Тема каждой из этих картин восходит к тому художественному миру, который характерен как выражение индивидуального, субъективного даже, отношения автора к современности. Мироощущение художника реализуется в отборе событий и ситуаций, в своеобразной их компоновке.
В отличие от жанрового кинематографа, где особенную задачу при построении материала выполняет канон последовательности, авторски активная композиция берёт за основу тематический принцип и реализует его в мелодических, живописных, поэтических конструкциях. Каждая деталь, ситуация, план, мизансцена, отдельные цветовые решения или длина планов, в том числе внесобытийных, работают при этом как часть целой ритмически организованной структуры авторского монолога.
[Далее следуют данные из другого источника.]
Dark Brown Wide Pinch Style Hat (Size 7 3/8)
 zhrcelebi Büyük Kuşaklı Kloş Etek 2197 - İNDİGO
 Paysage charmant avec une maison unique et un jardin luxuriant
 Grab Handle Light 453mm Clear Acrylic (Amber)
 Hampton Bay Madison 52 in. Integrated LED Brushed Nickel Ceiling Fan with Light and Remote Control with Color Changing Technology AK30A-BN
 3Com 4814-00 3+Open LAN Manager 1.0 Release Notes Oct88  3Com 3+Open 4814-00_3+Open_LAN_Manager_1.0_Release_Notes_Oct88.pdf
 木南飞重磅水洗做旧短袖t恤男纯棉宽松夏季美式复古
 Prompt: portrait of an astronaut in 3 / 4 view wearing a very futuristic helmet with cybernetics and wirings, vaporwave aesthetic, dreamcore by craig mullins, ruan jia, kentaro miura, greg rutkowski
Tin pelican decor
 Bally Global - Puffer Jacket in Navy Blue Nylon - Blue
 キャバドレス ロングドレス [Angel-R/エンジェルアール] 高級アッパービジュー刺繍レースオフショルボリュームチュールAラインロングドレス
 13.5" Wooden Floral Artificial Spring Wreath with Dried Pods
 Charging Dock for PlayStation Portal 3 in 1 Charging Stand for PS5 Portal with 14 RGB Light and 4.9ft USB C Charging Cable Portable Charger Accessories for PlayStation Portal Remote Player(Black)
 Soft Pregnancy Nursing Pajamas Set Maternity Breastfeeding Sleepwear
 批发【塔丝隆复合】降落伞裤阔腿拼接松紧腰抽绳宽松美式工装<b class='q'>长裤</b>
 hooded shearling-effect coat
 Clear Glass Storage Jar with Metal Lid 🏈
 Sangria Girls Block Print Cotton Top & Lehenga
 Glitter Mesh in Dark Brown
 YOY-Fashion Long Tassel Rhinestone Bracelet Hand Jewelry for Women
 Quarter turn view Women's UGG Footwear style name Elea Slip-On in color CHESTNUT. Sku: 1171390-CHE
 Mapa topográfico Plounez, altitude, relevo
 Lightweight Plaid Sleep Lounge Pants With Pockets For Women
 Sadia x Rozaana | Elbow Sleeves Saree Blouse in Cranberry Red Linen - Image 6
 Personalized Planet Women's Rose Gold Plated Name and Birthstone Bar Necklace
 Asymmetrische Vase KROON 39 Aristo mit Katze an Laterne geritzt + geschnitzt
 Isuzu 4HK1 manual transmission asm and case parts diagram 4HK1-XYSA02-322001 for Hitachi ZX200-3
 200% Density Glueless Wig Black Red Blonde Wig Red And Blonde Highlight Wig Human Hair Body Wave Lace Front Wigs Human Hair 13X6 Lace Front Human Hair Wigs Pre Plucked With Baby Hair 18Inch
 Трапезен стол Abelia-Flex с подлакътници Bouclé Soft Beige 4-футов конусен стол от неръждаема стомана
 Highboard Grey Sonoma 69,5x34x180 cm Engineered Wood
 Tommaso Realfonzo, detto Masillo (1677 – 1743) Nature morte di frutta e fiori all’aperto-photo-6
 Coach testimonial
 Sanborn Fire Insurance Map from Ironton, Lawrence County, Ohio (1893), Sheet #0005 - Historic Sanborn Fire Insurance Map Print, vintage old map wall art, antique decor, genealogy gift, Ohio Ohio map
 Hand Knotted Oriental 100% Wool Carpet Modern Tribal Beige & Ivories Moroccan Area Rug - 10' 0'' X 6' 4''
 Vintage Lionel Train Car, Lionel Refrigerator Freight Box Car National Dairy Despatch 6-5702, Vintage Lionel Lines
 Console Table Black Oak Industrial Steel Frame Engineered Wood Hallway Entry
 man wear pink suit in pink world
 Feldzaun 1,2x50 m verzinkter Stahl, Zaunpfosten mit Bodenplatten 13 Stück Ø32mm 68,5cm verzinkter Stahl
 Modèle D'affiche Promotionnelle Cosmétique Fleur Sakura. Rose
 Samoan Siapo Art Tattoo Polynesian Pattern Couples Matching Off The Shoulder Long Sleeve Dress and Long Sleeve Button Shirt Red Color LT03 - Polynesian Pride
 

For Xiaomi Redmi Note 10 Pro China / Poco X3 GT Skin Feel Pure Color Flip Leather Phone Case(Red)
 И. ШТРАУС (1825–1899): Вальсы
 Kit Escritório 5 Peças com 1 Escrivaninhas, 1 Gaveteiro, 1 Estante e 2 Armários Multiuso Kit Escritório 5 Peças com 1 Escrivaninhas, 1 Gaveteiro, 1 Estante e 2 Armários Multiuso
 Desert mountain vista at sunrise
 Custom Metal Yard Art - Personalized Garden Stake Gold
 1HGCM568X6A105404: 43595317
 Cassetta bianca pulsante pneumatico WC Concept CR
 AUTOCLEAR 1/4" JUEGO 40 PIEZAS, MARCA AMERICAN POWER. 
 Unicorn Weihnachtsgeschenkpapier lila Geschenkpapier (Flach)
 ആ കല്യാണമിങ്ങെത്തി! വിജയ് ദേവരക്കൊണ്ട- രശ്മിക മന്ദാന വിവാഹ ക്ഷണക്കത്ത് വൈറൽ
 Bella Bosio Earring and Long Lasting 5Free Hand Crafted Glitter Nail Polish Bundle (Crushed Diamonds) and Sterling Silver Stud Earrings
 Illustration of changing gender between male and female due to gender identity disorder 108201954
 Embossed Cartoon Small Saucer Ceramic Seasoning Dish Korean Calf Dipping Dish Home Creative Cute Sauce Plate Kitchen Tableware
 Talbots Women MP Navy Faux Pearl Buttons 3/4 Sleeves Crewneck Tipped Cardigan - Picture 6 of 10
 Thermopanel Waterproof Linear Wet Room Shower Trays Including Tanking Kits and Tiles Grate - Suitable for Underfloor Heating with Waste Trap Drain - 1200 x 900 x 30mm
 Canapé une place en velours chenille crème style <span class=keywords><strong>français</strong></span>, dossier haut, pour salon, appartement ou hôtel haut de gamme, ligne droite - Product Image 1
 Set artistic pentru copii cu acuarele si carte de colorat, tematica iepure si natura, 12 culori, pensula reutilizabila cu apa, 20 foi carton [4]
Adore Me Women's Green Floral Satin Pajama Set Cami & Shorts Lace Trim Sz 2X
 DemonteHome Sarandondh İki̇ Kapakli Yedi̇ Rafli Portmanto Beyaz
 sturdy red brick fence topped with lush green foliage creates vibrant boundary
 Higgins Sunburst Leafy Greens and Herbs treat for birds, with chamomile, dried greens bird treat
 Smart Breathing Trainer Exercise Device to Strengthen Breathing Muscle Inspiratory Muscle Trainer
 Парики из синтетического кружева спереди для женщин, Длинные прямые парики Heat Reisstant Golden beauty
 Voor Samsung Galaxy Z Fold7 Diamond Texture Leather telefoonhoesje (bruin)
В этом своеобразии кинообраза с убеждающей конкретностью проступает процесс синтеза языков разных искусств, нарастание эффекта их взаимодействия в период 60–80-х годов. Ни одно из них, кроме кинематографа, от природы не способно в такой степени органичности адаптировать родственные системы выразительности, образуя в слиянии уникальное своеобразие кинообраза. Музыку не сроднишь с живописью (опыты цветомузыки остались экспериментом), к театру не приживётся крупный план, фотография сама по себе не овладеет движением… Событийный состав, конечно же, при этом остаётся ведущим звеном визуального образа.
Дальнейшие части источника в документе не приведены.